In other trading news, Allied Waste Industries Inc.'s institutional bank debt fell off as recent repricing worries and general secondary loan market heaviness weighed on the paper, and General Motors Corp.'s revolver weakened with market technicals blamed as the culprit.
Moving to the primary, The Sports Authority Inc. launched its term loan B with lower-than-previously expected price talk. Also, Burlington Coat Factory Warehouse Corp.'s term loan is nearly two times oversubscribed, leading some investors to believe that pricing on the tranche will most likely finalize at the low end of original guidance.
Quintiles Transnational's credit facility hit the secondary on Thursday, with the $1 billion first-lien term B due 2013 (B1/BB-) quoted at 101 bid, 101½ offered and the $220 million second-lien term loan C due 2014 (B3/B) quoted at 101¾ bid, 102½ offered, according to a trader.
The first-lien term loan B is priced with an interest rate of Libor plus 200 basis points. During syndication, the tranche was upsized from $900 million with pricing coming down from Libor plus 225 basis points price talk on strong demand.
Meanwhile, the second-lien term loan C is priced with an interest rate of Libor plus 400 basis points and contains call protection of 102 in year one and 101 in year two. During syndication, this tranche was downsized from $320 million and pricing was reverse flexed from Libor plus 450 basis points.
Quintiles' $1.445 billion credit facility also contains a $225 million revolver due 2012 (B1/BB-) with an initial interest rate of Libor plus 225 basis points. The revolver was downsized from $250 million during syndication, but pricing was left unchanged.
Citigroup, JPMorgan and Morgan Stanley are the lead banks on the deal, with Citi the left lead.
Proceeds, along with cash on hand, will be used to fund the tender offer for Quintiles' $450 million 10% senior subordinated notes due 2013 and Pharma Services Intermediate Holding Corp.'s $219 million 11.5% senior discount notes due 2014.
Quintiles is a Durham, N.C., pharmaceutical services company.
Caribe frees to trade
Caribe's credit facility also freed for trading Thursday with its $155 million seven-year term loan quoted around 101 with little volume seen in the name, according to a trader.
The term loan is priced with an interest rate of Libor plus 225 basis points. During syndication, pricing on the tranche was reverse flexed from original price talk of Libor plus 250 basis points.
Caribe's $165 million credit facility (B1/B) also contains a $10 million revolver that is priced at Libor plus 225 basis points as well, after reverse flexing during syndication from original Libor plus 250 basis points price talk.
Lehman and Bank of America are joint lead arrangers and joint bookrunners on the deal, with Lehman the left lead. Wachovia is documentation agent.

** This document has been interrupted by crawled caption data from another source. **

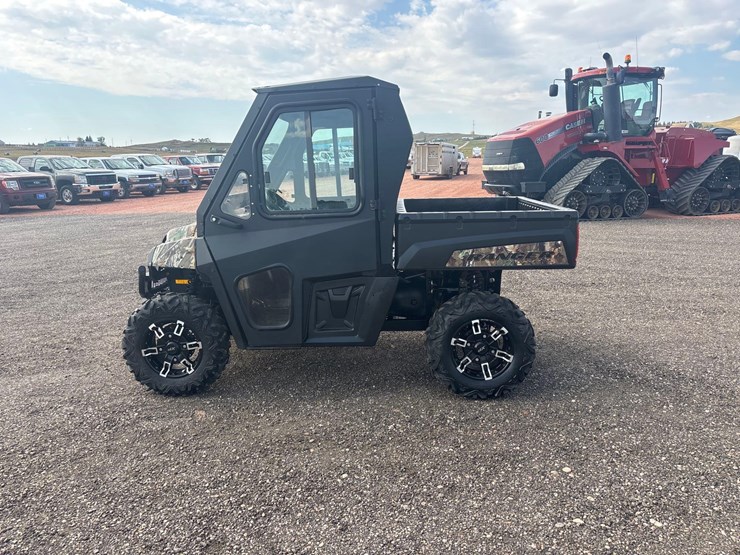 2011-polaris-ranger-image-8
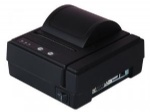 Desktop & Mobile Printer Easy loading paper AB-DM801  AB-DM501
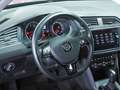 Volkswagen Tiguan 1.5 TSI DSG Highline ALU, PDC, SH Bluetooth Silber - thumbnail 12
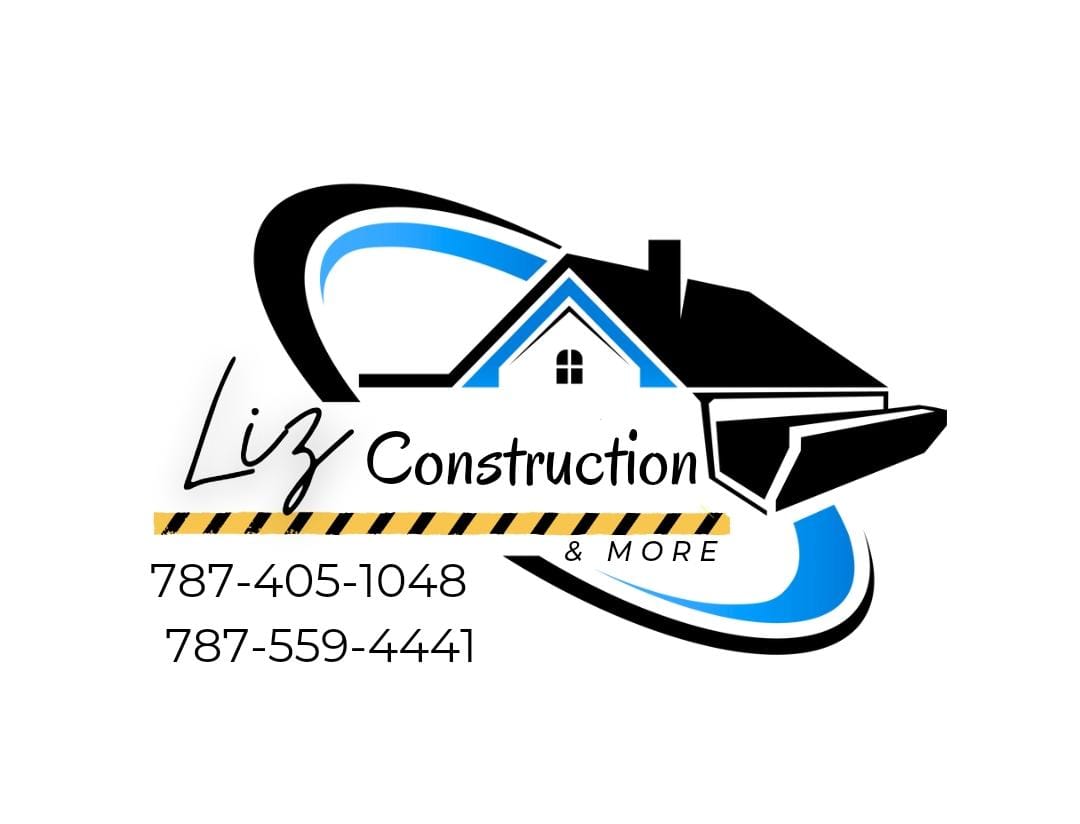 Liz Construction & more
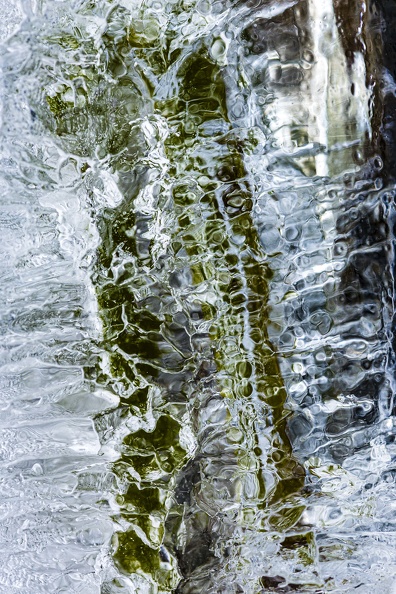 Glace-1.jpg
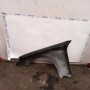 ALETA DELANTERA DERECHA MERCEDES BENZ W211 E320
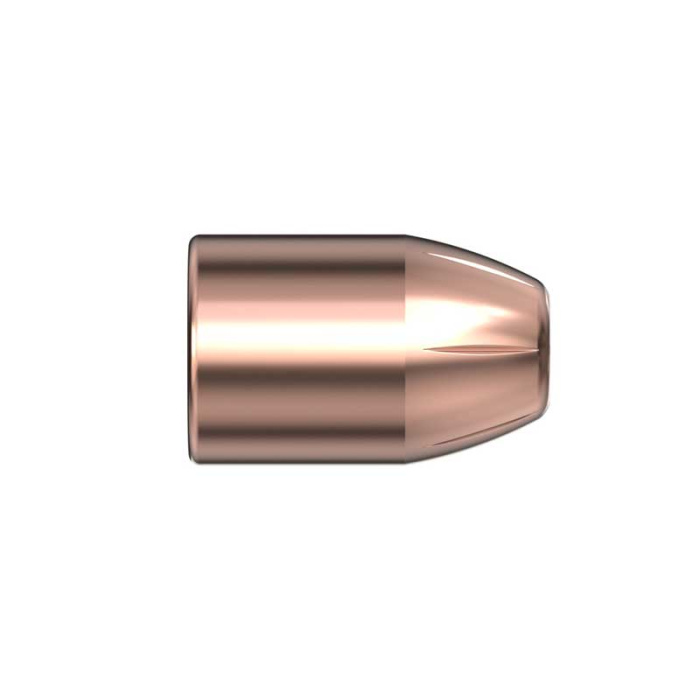 HORNADY Geschosse 400" 180gr HP XTP #40040 (100 Stk)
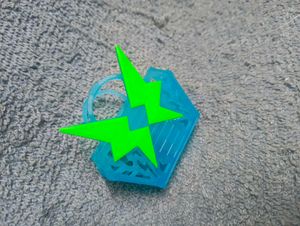 Doll Bags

Proceeds will be used to help fund Welsh, Carson, Anderson & Stowe's buyout of Caribe from Verizon and Puerto Rico Telephone Co.
Caribe owns interests in directories in Puerto Rico and the Dominican Republic.
Allied Waste trades down
Allied Waste's institutional bank debt dropped off as the overall loan market felt somewhat heavy and investors continued to show some reaction to the company's recent repricing proposal, according to a trader.
The company's term loan B and institutional letter-of-credit facility, which trade as a strip, were quoted at par 1/8 bid, par 5/8 offered, down about a quarter to three eighths of a point from previous levels, the trader said.
"The market felt a little heavy so there are just better sellers. It's still cheap to the bonds so all you need is one big buyer to push this thing back up," the trader added.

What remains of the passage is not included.